Dreger: Building to be a Cup contender?

Babcock: 100%.

Dreger: It’s tough to put a time frame on that. When you make guarantees, or you suggest, “in two years, if we’re not there, we’ve got to do something else…”

Babcock: I just look at what the Edmonton Oilers are doing right now and I look at McDavid and that group there and what they’ve been able to accomplish. I’m impressed with them like crazy. On the other side of that, Bob Murray and Anaheim and what they’ve been through… I was there when we drafted Getzlaf and Perry. The run they’ve had — and there have been some ups and downs — for them to be where they’re at… or you see Tampa, who I thought was ging to be in the Cup Final. They’re not in the playoffs. In this league, there is not much to pick. The more depth you have, the more opportunities you have. When I was Detroit, Ken Holland used to always say, “You knock on the door and you knock on the door, and every once in a while they open the door.” That’s what we’re going to do.

Dreger: You don’t have to be inside the hockey circle to recognize that Auston Matthews very quickly revealed himself as a special, special hockey talent. Did anything about his game this season surprise you?

Babcock: Just his commitment.

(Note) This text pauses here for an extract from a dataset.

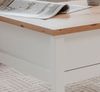 Couchtisch Vestland weiß und Eiche 110 x 55 cm Bild 3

It’s not a surprise, but what most impressed me… the first time I met Auston’s mom and dad, I was pumping my fist under the table because when I saw him talk to his mom with such respect, and the way he treated his dad, you know you’ve got a good young man there right away. Good people make other people better. I say this all the time. My goal is to make them great players, but at 22, they’ve got to be good men. If they’re good men, they’re going to lead and do things the right way. The most special thing about Auston is the man he’s going to become. That makes your teammates better.

The second thing I’d say to you is, by caring about the team and his commitment to doing it right without the puck, he’s learned to have the puck all the time against real good players. You can play him against anyone. Some nights, the other guy matches up pretty good and plays hard, but he is a pretty good player. He’s committed to doing things right. We’re fortunate to have him, to say the least, and he’s fortunate to play in a great city like Toronto. The hockey market in Toronto is second to none and the fans are spectacular. They’re obviously embracing our young team.

Dreger: He sounds like a very good young leader. Potential captain?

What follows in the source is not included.